◆ What to work on ◆
Exact copies of the lines below, from the one with "For more information" up to and including the one with "Hope you enjoyed", are what this calls for; leave out pictures.

[Data records]
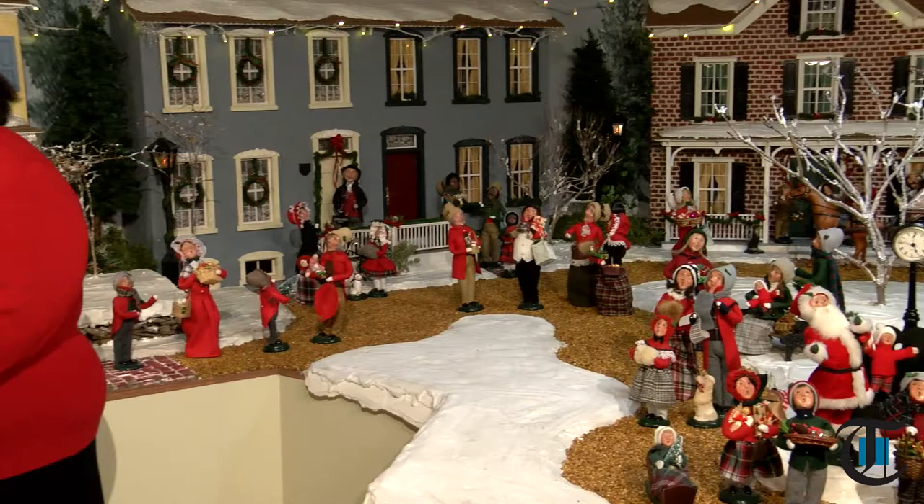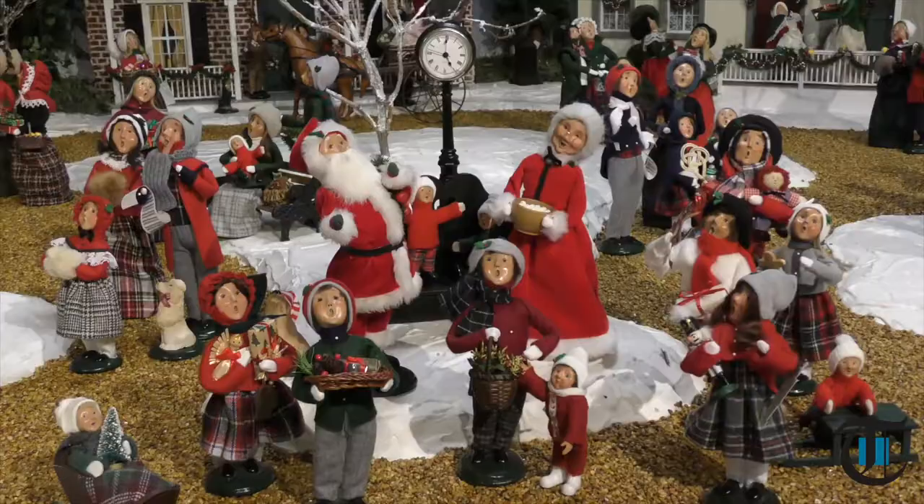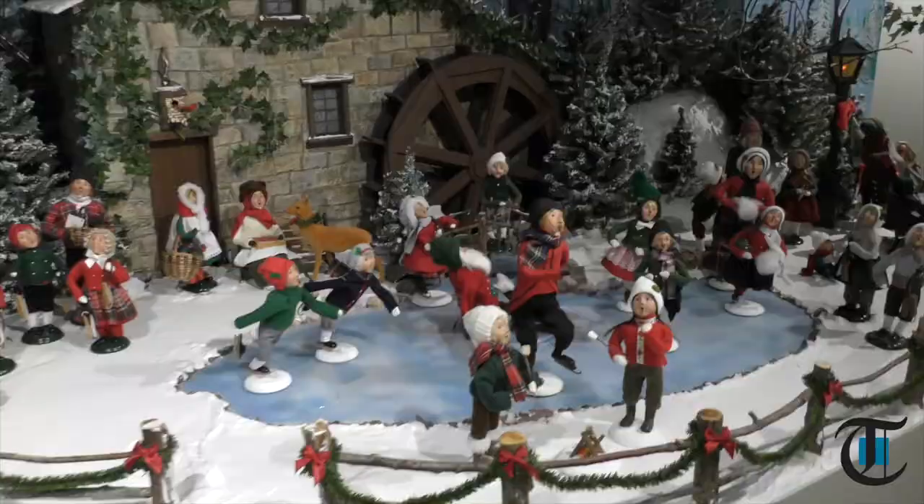This is quite a controlled Christmas scene, but it's unbelievable. We're here at Buyer's Choice in Bucks County, Pennsylvania, and this is the display — one of the many displays at the Visitor Center here.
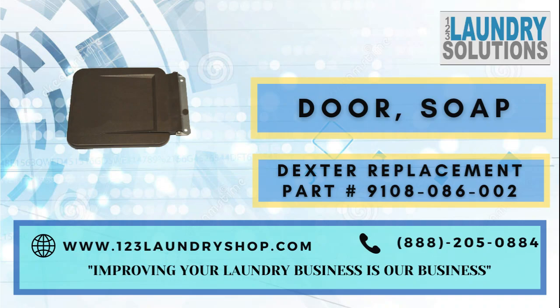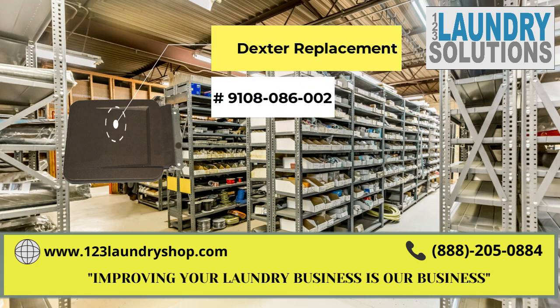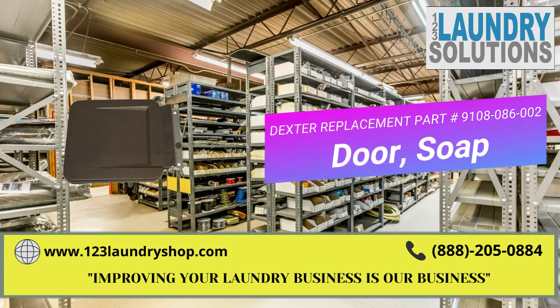For more information about this part, please click on the link below or call us. Also keep us in mind for any other laundry needs. We are 123 Laundry Solutions — improving your laundry business is our business.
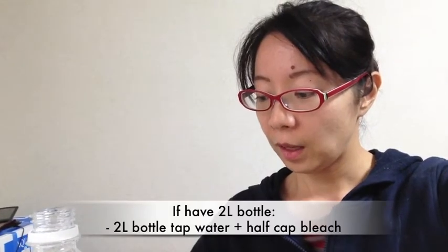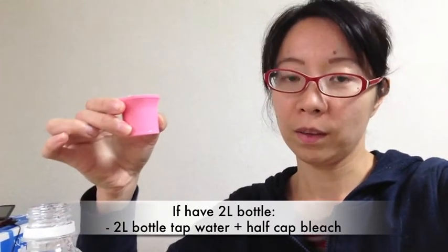I only have 2 liters of water here, so I will put about 8 ml — just about half of this cap.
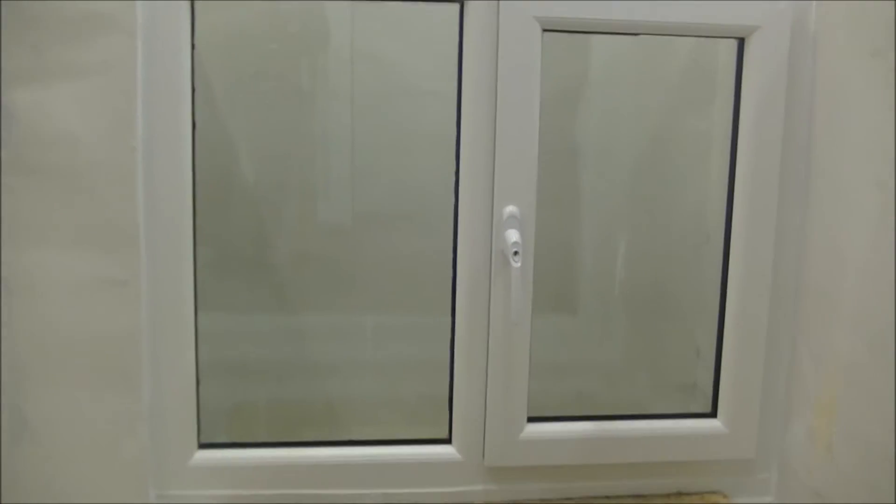Now what I'm going to do is close the window. Just a simple action — it's no more difficult to close than a normal window.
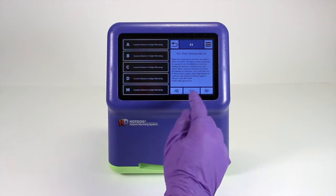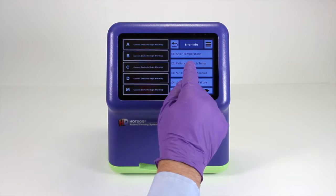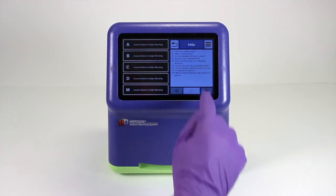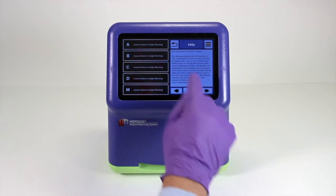For example, if an error message were to appear on the screen, detailed information on how to resolve it is also displayed at the same time. This information can be viewed under troubleshooting. The end user can also access answers to frequently asked questions.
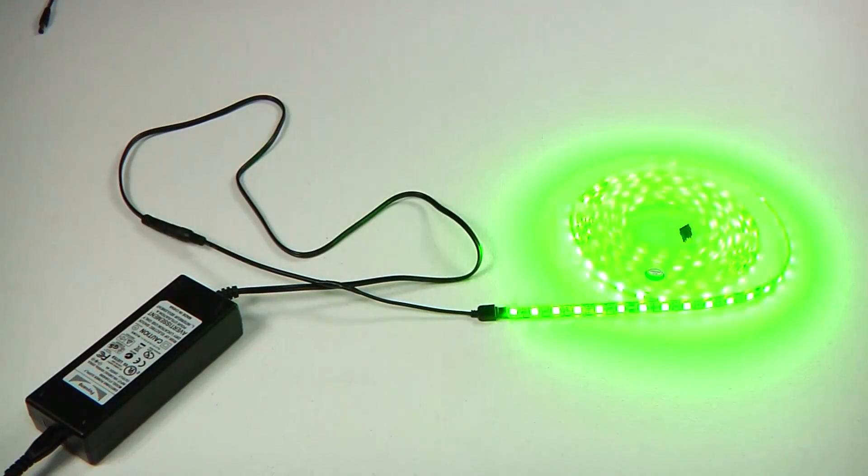Now, it is safe to plug your power supply into the wall. For large projects requiring multiple runs and complex configurations, please contact one of our customer service representatives who will be happy to walk you through the process.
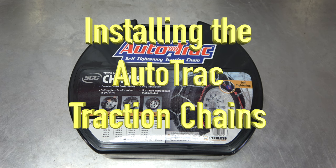I'm going to show how to install the Autotrack self-tightening traction chains.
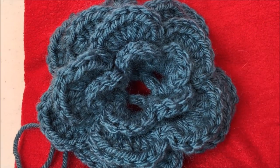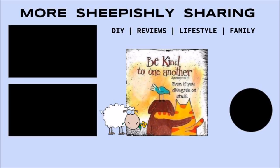Hope you enjoyed the tutorial. Thanks for watching. Bye!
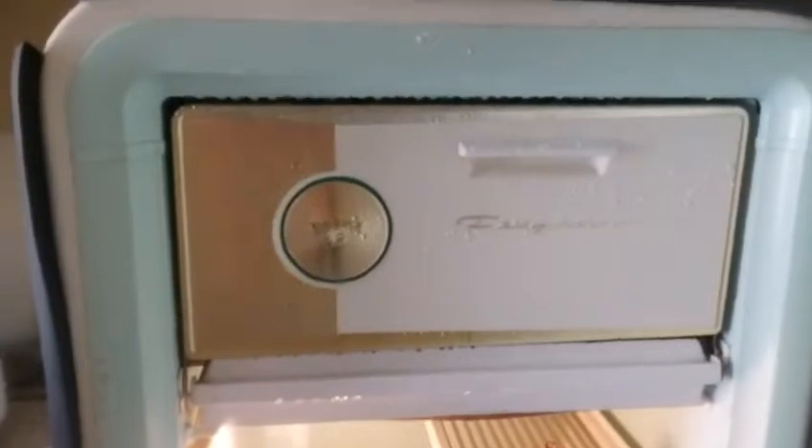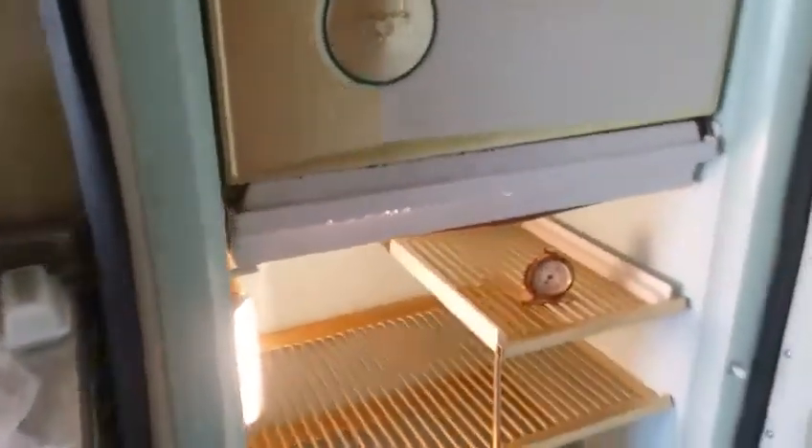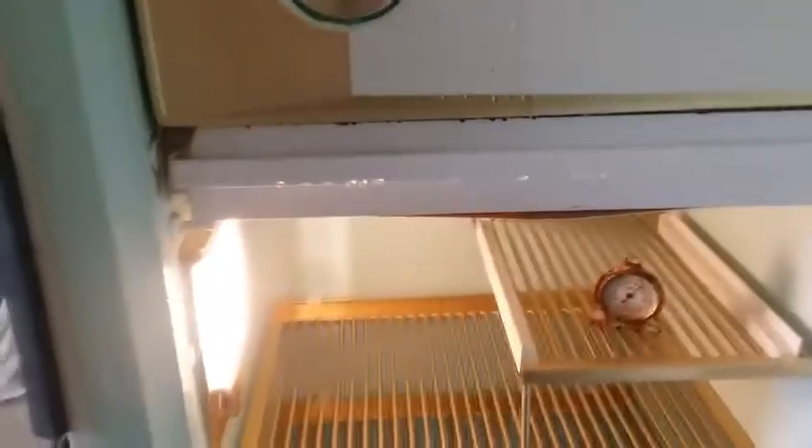I'm here doing some service on my 1954 General Motors Frigidaire. I've got a couple of problems. The door gasket failed, so temporarily I put this crap here. I'm going to put a new door gasket and I'm hoping that that solves this condensation around here and clears that up.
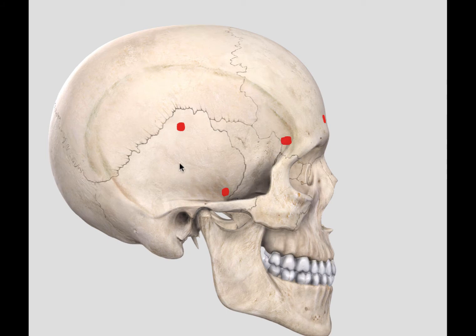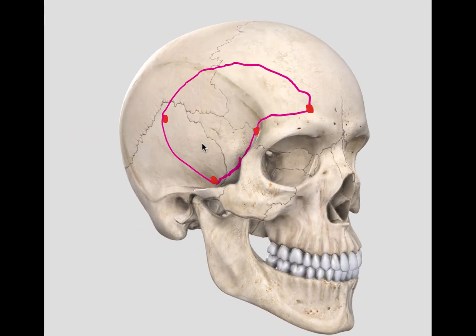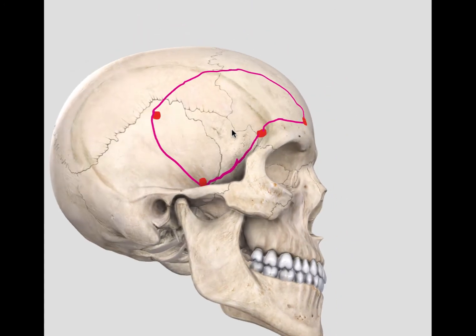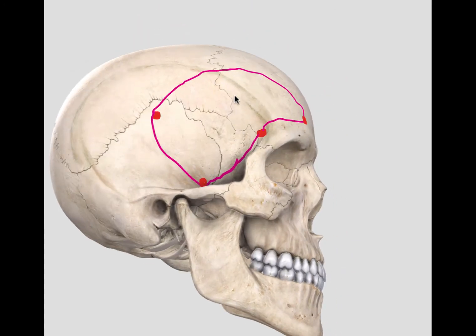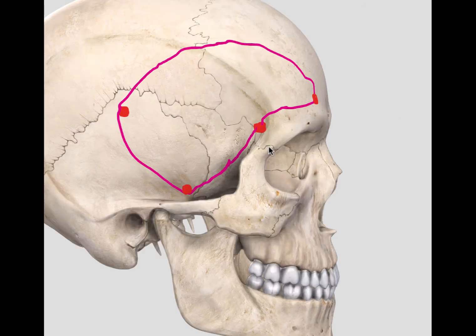Then I would connect up these burr holes to raise a cranial flap. We have connected the burr holes with a craniotome and I will raise this bone flap and put it to the other side. For the rest of the tutorial I will keep it there so that it's easier for you to orientate. The next step is to remove the orbitosygomatic complex as one unit.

◆ Reply to the exercise ◆
For more information about this part, please click on the link below or call us. Also keep us in mind for any other laundry needs. We are 123 Laundry Solutions — improving your laundry business is our business.
I only have 2 liters of water here, so I will put about 8 ml — just about half of this cap.
Now what I'm going to do is close the window. Just a simple action — it's no more difficult to close than a normal window.
For example, if an error message were to appear on the screen, detailed information on how to resolve it is also displayed at the same time. This information can be viewed under troubleshooting. The end user can also access answers to frequently asked questions.
Now, it is safe to plug your power supply into the wall. For large projects requiring multiple runs and complex configurations, please contact one of our customer service representatives who will be happy to walk you through the process.
I'm going to show how to install the Autotrack self-tightening traction chains.
Hope you enjoyed the tutorial. Thanks for watching. Bye!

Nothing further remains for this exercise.